Book by Richmal Crompton

William the Good is the ninth book in the Just William series of books by Richmal Crompton. It was first published in 1928.

==Short stories==
- William- the Good Suspecting his sister Ethel is a kleptomaniac and drunkard, William sets out to "reform" her.
- William- The Great Actor William is enlisted to provide the "special effects" in an amateur theatrical performance.
- William and the Archers When the Territorial Army stage manoeuveres near the village William believes a foreign invasion is underway.
- Willian - the Money Maker The Outlaws are (as usual) short of funds, and William makes a rash promise to rectify the situation.
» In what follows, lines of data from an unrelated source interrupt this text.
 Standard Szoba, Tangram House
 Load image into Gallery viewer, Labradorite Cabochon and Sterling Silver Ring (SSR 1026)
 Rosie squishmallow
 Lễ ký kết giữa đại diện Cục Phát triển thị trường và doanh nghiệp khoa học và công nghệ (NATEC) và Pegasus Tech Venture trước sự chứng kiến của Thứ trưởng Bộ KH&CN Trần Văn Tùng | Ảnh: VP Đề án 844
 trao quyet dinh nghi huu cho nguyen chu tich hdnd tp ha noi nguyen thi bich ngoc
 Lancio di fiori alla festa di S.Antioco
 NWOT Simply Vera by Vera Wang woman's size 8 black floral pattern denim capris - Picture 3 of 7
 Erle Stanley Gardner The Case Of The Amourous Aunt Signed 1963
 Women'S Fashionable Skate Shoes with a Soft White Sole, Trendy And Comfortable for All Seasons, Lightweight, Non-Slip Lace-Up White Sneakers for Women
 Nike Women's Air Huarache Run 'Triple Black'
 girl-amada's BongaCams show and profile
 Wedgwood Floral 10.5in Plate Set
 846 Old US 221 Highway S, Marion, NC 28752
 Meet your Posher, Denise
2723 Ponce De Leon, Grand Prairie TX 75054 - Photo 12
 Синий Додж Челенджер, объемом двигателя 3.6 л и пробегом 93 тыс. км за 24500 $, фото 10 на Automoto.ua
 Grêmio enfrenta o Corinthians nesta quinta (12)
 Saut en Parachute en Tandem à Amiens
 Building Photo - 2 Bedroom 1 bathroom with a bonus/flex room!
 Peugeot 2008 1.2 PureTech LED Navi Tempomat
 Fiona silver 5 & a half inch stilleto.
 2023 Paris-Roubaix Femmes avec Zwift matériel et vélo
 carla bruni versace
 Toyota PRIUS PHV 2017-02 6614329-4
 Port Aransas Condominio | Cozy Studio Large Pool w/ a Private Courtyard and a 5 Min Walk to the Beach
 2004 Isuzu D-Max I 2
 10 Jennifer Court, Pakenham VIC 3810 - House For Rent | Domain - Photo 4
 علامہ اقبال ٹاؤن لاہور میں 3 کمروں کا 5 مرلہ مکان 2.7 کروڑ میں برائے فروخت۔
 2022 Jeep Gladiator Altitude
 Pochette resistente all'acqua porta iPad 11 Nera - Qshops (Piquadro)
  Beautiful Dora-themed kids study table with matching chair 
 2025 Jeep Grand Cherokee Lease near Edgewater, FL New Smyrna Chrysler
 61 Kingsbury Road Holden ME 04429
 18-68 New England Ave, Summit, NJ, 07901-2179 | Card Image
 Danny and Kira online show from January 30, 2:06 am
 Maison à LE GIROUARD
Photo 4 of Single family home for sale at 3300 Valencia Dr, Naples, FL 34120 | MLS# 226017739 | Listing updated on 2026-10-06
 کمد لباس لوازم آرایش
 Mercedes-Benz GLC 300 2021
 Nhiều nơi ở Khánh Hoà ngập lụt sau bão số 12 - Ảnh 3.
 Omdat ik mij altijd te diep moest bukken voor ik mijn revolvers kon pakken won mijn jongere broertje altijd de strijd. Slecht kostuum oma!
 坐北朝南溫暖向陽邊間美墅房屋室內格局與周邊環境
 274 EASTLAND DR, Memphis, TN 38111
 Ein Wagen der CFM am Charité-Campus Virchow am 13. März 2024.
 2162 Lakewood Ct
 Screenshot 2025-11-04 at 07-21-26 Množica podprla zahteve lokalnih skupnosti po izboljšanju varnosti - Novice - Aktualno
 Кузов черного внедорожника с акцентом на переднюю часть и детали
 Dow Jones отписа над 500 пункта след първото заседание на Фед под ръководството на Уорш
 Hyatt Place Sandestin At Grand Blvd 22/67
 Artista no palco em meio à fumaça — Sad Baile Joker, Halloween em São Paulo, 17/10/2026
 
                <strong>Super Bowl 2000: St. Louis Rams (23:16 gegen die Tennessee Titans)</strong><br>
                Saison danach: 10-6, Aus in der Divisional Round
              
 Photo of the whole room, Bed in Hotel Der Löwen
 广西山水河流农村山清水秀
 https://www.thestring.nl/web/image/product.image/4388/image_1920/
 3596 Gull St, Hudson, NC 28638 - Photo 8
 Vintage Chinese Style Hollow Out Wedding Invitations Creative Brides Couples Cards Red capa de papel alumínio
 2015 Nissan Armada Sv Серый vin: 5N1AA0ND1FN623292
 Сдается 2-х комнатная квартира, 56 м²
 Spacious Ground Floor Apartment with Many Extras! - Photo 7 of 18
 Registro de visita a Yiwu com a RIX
- William - the Avenger William and Ginger take revenge on a bully whom they believe has been tolerated for too long.
- Parrots for Ethel Ethel is in quarantine and pursued by two like-minded suitors. However, there is a mix-up between the suitor's gifts and the animals for William's zoo.
- One Good Turn William finds himself in the uncomfortable position of being in debt to Robert.
- William's Lucky Day William tries to imitate his hero William Tell - with disastrous consequences.
- A Little Adventure After a spate of burglaries in the village, William and Ginger believe they have found a vital clue.